The woman, who states that she lives in Mayo, just 15 minutes from Taoiseach Enda Kenny, gained national attention in an online post in which she describes how she would greet the first election canvasser to come to her door.
“I have maybe four tea-bags in my cupboard and no coffee, so I hope if someone comes they will be content to drink tap water while I show them how the tagline ‘Let’s Keep the Recovery Going’ is simply a fantasy for those living on the poverty line,” the woman wrote.
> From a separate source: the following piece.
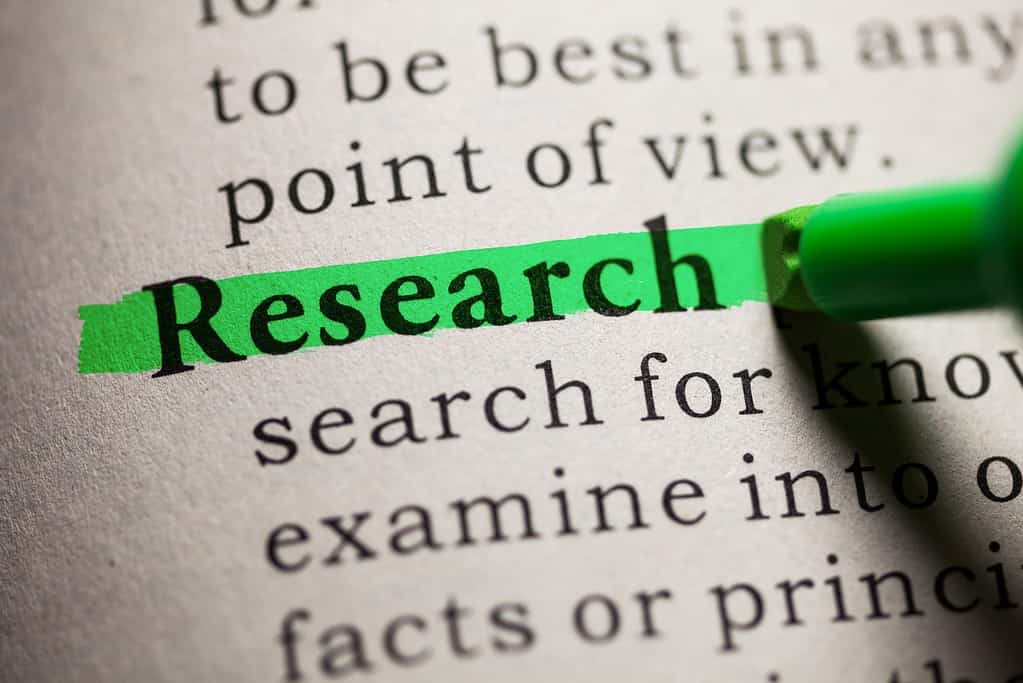 Fake Dictionary, definition of the word research.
“I will tell them how my young child went to bed last night with two pairs of socks on and a hat; while I wore my scarf under a hoody because we had no oil or coal to heat the house. I will show them how draughty my rented accommodation is and let them see their own breath as fog as they speak to me. I will tell them how I’ve been juggling single motherhood and my education for the last seven years and how I am now qualified with a CV packed with voluntary work and community involvement.”
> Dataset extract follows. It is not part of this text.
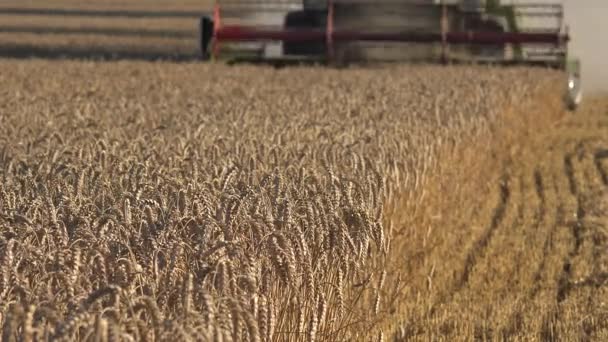 Wazig boerderij combineren harvester machine snijden pak slaag rijp rogge gerst tarwe in de zomer. 4k — Stockvideo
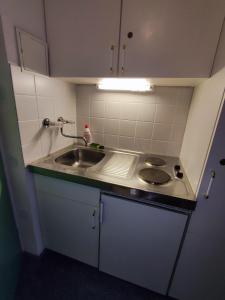 una piccola cucina con lavandino e bancone di Duplex apartment Almberg a Philippsreut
“I’ll show them my awards and professional references to prove that I am not the ‘lazy single mother’ the media paints us as when discussing welfare. I will outline how I would stay awake until daylight calculating how I would make €217.80 stretch far enough to pay rent, childcare, petrol costs, heating, food and bills. It never did.

“I’ll tell them how those barriers and slammed doors caused so much stress and pressure I inevitably had a mental breakdown and fell into a state of immobilisation and minimum functioning.”
The woman also details how she believes the nation’s mental health services have failed her, and how she had attempted suicide.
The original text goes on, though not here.